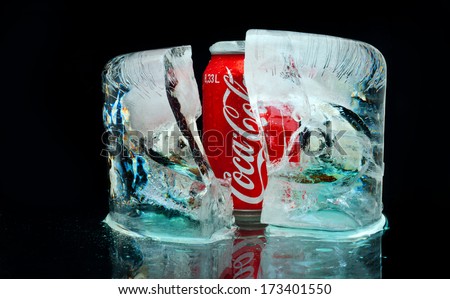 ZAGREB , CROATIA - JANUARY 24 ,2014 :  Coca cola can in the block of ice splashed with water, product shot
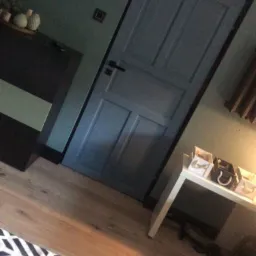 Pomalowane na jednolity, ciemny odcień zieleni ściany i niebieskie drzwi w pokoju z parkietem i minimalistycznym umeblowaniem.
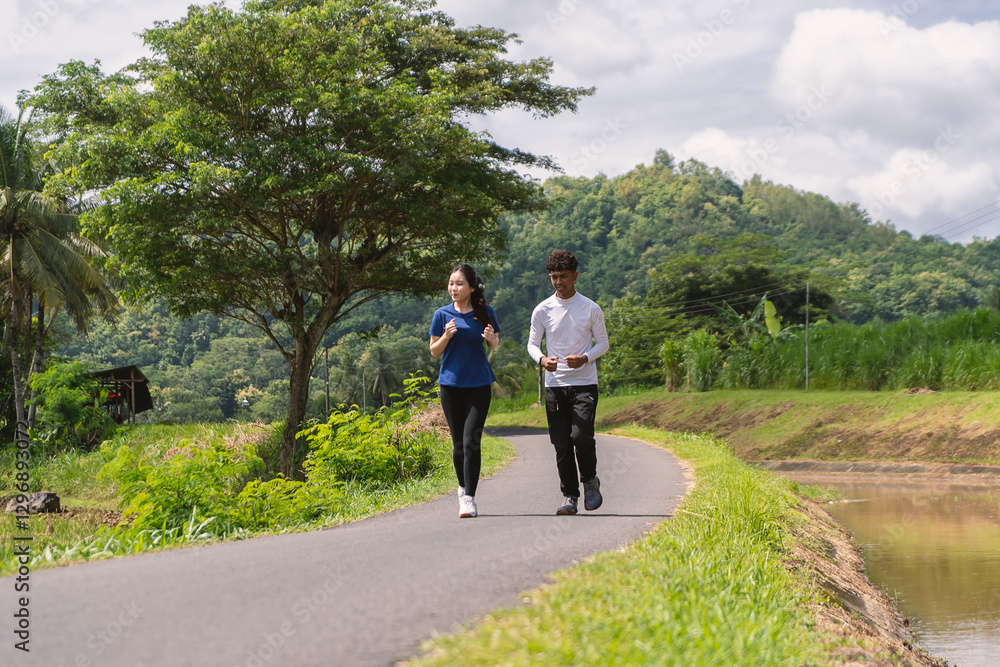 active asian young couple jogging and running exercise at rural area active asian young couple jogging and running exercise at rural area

---

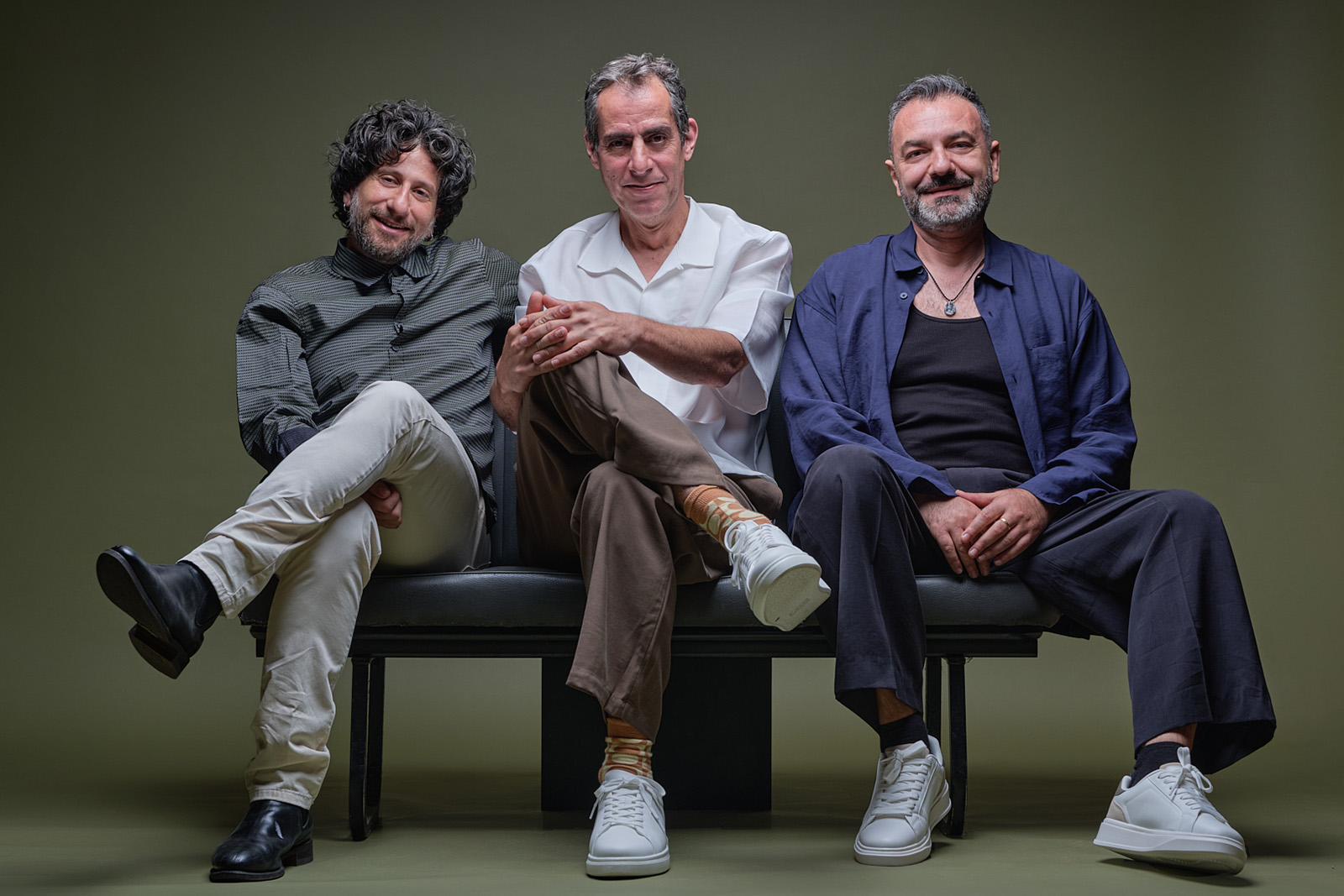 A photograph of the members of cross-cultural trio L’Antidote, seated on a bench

**WHAT IS REQUIRED**. Set down, exactly as written above, each line from the one with "Pomalowane na jednolity, ciemny" through the one with "rural area active", and skip the pictures.

**PROBLEM SOLUTION**.
 Pomalowane na jednolity, ciemny odcień zieleni ściany i niebieskie drzwi w pokoju z parkietem i minimalistycznym umeblowaniem.
 active asian young couple jogging and running exercise at rural area active asian young couple jogging and running exercise at rural area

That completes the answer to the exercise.